Work required:
Each record below should be written out again exactly.

Supplied material:
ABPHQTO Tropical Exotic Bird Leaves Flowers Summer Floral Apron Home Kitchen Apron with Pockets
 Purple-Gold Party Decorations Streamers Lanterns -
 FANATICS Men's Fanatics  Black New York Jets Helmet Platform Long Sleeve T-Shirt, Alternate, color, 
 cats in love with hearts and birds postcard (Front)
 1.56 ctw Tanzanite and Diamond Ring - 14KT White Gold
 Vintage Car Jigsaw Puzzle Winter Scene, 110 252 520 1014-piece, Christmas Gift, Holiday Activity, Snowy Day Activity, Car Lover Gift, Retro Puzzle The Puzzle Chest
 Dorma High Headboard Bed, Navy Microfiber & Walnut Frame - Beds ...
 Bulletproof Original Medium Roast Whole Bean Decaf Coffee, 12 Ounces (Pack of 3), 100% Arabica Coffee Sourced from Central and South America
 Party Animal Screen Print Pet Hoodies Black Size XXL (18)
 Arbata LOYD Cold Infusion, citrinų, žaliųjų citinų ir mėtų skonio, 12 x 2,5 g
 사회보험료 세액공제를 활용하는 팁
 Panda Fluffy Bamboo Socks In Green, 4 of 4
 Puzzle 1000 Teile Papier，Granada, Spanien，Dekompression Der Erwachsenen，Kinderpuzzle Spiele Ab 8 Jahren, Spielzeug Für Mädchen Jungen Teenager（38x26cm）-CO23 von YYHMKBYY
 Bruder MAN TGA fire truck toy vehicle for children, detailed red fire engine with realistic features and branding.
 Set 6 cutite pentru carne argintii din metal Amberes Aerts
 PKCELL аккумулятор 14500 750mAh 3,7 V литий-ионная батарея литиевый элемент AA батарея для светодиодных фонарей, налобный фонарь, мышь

Your solution:
ABPHQTO Tropical Exotic Bird Leaves Flowers Summer Floral Apron Home Kitchen Apron with Pockets
 Purple-Gold Party Decorations Streamers Lanterns -
 FANATICS Men's Fanatics  Black New York Jets Helmet Platform Long Sleeve T-Shirt, Alternate, color, 
 cats in love with hearts and birds postcard (Front)
 1.56 ctw Tanzanite and Diamond Ring - 14KT White Gold
 Vintage Car Jigsaw Puzzle Winter Scene, 110 252 520 1014-piece, Christmas Gift, Holiday Activity, Snowy Day Activity, Car Lover Gift, Retro Puzzle The Puzzle Chest
 Dorma High Headboard Bed, Navy Microfiber & Walnut Frame - Beds ...
 Bulletproof Original Medium Roast Whole Bean Decaf Coffee, 12 Ounces (Pack of 3), 100% Arabica Coffee Sourced from Central and South America
 Party Animal Screen Print Pet Hoodies Black Size XXL (18)
 Arbata LOYD Cold Infusion, citrinų, žaliųjų citinų ir mėtų skonio, 12 x 2,5 g
 사회보험료 세액공제를 활용하는 팁
 Panda Fluffy Bamboo Socks In Green, 4 of 4
 Puzzle 1000 Teile Papier，Granada, Spanien，Dekompression Der Erwachsenen，Kinderpuzzle Spiele Ab 8 Jahren, Spielzeug Für Mädchen Jungen Teenager（38x26cm）-CO23 von YYHMKBYY
 Bruder MAN TGA fire truck toy vehicle for children, detailed red fire engine with realistic features and branding.
 Set 6 cutite pentru carne argintii din metal Amberes Aerts
 PKCELL аккумулятор 14500 750mAh 3,7 V литий-ионная батарея литиевый элемент AA батарея для светодиодных фонарей, налобный фонарь, мышь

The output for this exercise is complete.